WILFREDO SANCHEZ, PETITIONER,
v.
MARCUS HARDY, WARDEN, SUPERINTENDENT, OR AUTHORIZED PERSON HAVING CUSTODY OF PETITIONER, RESPONDENT.



The opinion of the court was delivered by: Marvin E. Aspen, District Judge:

MEMORANDUM OPINION AND ORDER

Petitioner Wilfredo Sanchez, a prisoner at Stateville Correctional Center, where Respondent Marcus Hardy is Warden, now petitions for writ of habeas corpus pursuant to 28 U.S.C. § 2254. For the reasons set forth below, we deny the petition.

FACTUAL AND PROCEDURAL BACKGROUND

I. Summary

In January of 2004, Wilfredo Sanchez and co-defendant, Jesus Parra, were charged in the Circuit Court of Cook County with one count of first-degree murder for the shooting death of Christian Simpson and two counts of aggravated battery with a firearm for the shootings of Ricky Simpson and Marques Chaplin. (Resp. Ex. A, Rule 23 Order, People v. Sanchez, No. 1-05-2306 at 1 (Ill. App. 1st Dist. 2007).) Sanchez was tried simultaneously with Parra but with separate juries. (Id. at 2.) After an April 2005 trial, the jury found Sanchez guilty on all counts.

(Id.) The state trial court sentenced him to thirty-five years for first-degree murder, ten years consecutive for one count of aggravated battery, and six years consecutive for the second count of aggravated battery. (Id. at 1, 9.) The facts underlying Sanchez's conviction are as follows.*fn1

II. Sanchez's Conviction

On the night of September 27, 2003, Ricky Simpson, Christian Simpson, and Marques Chaplin were driving to a party in a white Dodge Neon. (Id. at 2.) They got lost and stopped at the intersection of Kensington and Michigan to determine where to go. (Id.) As they were stopped, a white four-door car pulled up on the left side of Chaplin's vehicle. (Id. at 2--3.) From that car, a shooter fired at Chaplin's face. Chaplin slumped down, but both he and Ricky heard five additional shots fired into the car. (Id. at 3.) Chaplin was able to drive to Roseland Hospital where he was treated for a shot to the face and hands, Ricky Simpson was treated with twenty-five stitches for a shot to the leg, and Christian Simpson died from his wounds. (Id.) In a subsequent lineup, Chaplin identified Parra as the shooter, but neither Chaplin nor Ricky identified Sanchez. (Id.)

a. Statement and Grand Jury Testimony of Daisy Lopez Detective Richard Peck was assigned to investigate the homicide of Christian Simpson.

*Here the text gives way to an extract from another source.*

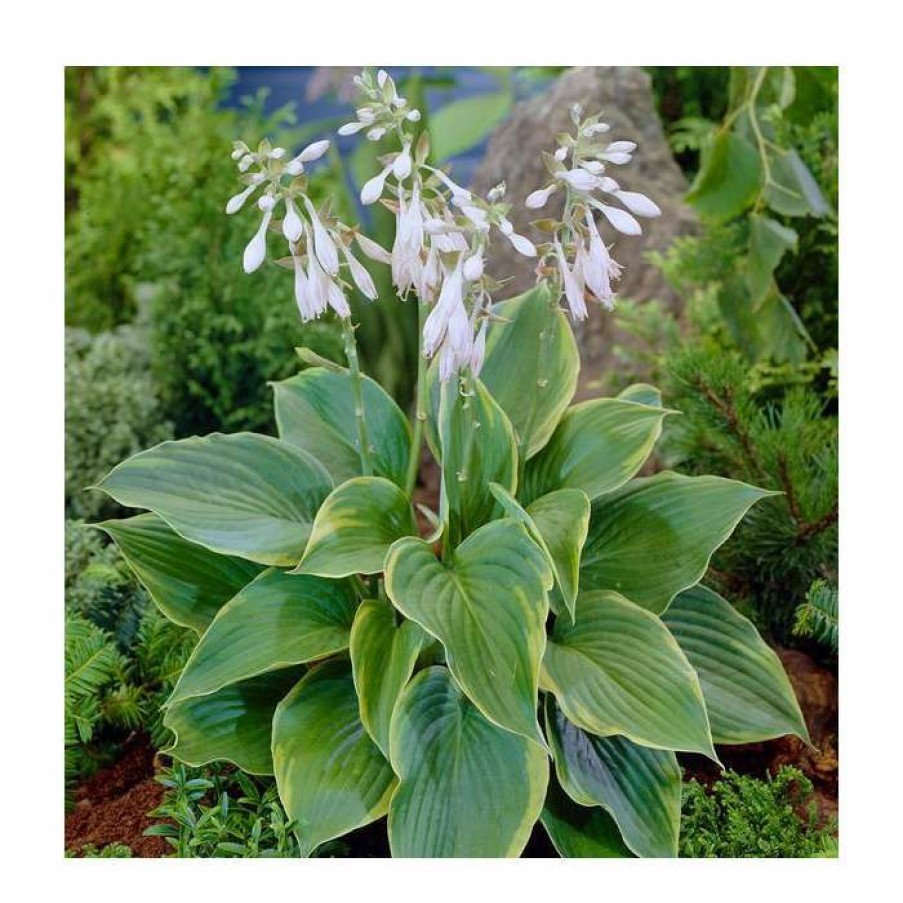 Perennial Plants * | Hosta Alvatine Taylor V | 3 Litre Pot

He spoke with Daisy Lopez, the girlfriend of Parra, but did not receive any concrete leads. (Id. at 4.) He then spoke with Dwayne Anderson, a member of the Latin Kings gang. (Id. at 4, 14.) As a result of that conversation, he went to speak with Lopez again. (Id. at 4.) Although initially reluctant to change her story, Lopez stated that on the night of the shooting, Parra and Sanchez came into the house, grabbed a shotgun, and went outside. (Id. at 5, 7.) Shortly after they left, Lopez heard several gunshots near her apartment. (Id. at 5, 7.)

Detective Peck then called the felony review unit of the State's Attorney's office. (Id. at 5.) Assistant State's Attorney Andreana Turano-Michiels arrived and spoke with Lopez individually. (Id.) According to ASA Turano-Michiels, Lopez spoke with her willingly and did not suggest that the police threatened or mistreated her during their questioning. (Id. at 6.) After this one-on-one conversation, Lopez agreed to give a written statement prepared by ASA Turano-Michiels. (Id. at 6.) With Detective Peck present, ASA Turano-Michiels took Lopez's statement, and Lopez read and signed each page. (Id. at 5, 7.) At the end of the statement, Lopez agreed that she gave the statement freely and was not under the influence of drugs or alcohol. (Id. at 8.) Detective Peck and Detective Parks both testified that they did not threaten Lopez with potential prison time or losing custody of her children during this process. (Id. at 5--6.)

In the written statement, Lopez said that she saw Parra and Sanchez come into the house where Parra retrieved his shotgun. (Id. at 7.) Then, from her living room window, Lopez saw Sanchez get into the driver's seat of his white four-door car while Parra got into the passenger seat. (Id.) She watched the car drive on Kensington in the direction of Michigan, and less than five minutes later, she heard several gunshots near her apartment from that direction. (Id. at 5, 7.) A few minutes after the shots, Sanchez and Parra came back to the apartment. (Id.) Sanchez left in his car while Parra put away his shotgun and washed his hands with bleach. (Id. at 7--8.) Later that evening, Parra's mother came to the apartment and took the shotgun. (Id. at 8.) Finally, the statement recounted a conversation Lopez had with Parra in which he discussed shooting at the Neon car. (Resp. Ex. K, Rule 23 Order, People v. Sanchez, No. 1-08-3413 at 6 (Ill. App. 1st Dist. 2010).)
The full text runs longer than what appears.